大腸菌で大量発現させたFLAPの精製は、超音波処理条件、超遠心条件、種々の界面活性剤の処理条件など条件を検討し、最終的にはResource Qイオンカラムを用いた。現在、結晶化のスクリーニングを行っている。
mPGESは、FLAP同様の膜蛋白質であり、同じ遺伝子ファミリーに属している。したがってFLAPの精製に用いた条件を基本にして精製条件の検討を完了し、結晶化スクリーニングを行っている。しかしながら、結晶構造解析に適した結晶は現在までのところ得られていない。またmPGFSはFLAPに比べ、より不安定であり、それを安定化する条件として、選択的阻害剤MK-886共存下での結晶化も同時に検討している。
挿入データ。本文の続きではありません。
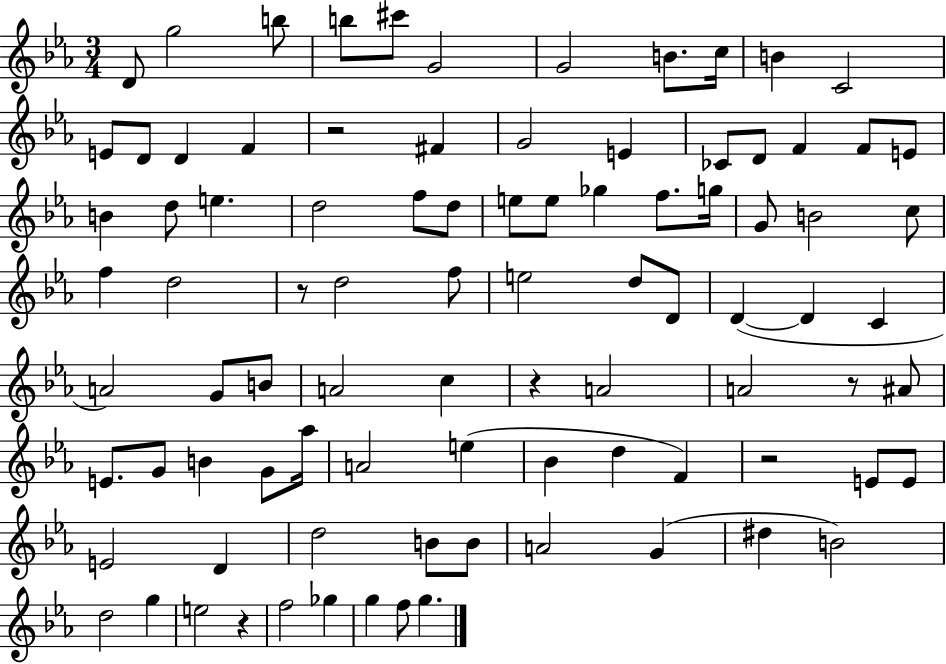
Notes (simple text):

D4/e G5/h B5/e B5/e C#6/e G4/h G4/h B4/e. C5/s B4/q C4/h E4/e D4/e D4/q F4/q R/h F#4/q G4/h E4/q CES4/e D4/e F4/q F4/e E4/e B4/q D5/e E5/q. D5/h F5/e D5/e E5/e E5/e Gb5/q F5/e. G5/s G4/e B4/h C5/e F5/q D5/h R/e D5/h F5/e E5/h D5/e D4/e D4/q D4/q C4/q A4/h G4/e B4/e A4/h C5/q R/q A4/h A4/h R/e A#4/e E4/e. G4/e B4/q G4/e Ab5/s A4/h E5/q Bb4/q D5/q F4/q R/h E4/e E4/e E4/h D4/q D5/h B4/e B4/e A4/h G4/q D#5/q B4/h D5/h G5/q E5/h R/q F5/h Gb5/q G5/q F5/e G5/q.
なお、このMK-886はmPGESの酵素活性阻害剤であるとともに、FLAPに選択的に結合することで、細胞内においては、5-リポキシゲナーゼ活性を阻害することが知れている。そこで、我々が大腸菌で大量に発現させたFLAPがMK-886と結合するかどうかについても現在検討中である。
PPARαリガンド結合領域については、既に結合構造が解かれている。しかし、我々の見いだした植物性ポリフェノール・レスベラトロールとの結合様式は不明である。さらにFLAPやmPGESと結合するMK-886はPPARαアンタゴニストとして報告されているが、やはり結合様式は不明である。そこでこれらリガンドとの結合様式を解明するため、その結晶化を進めている。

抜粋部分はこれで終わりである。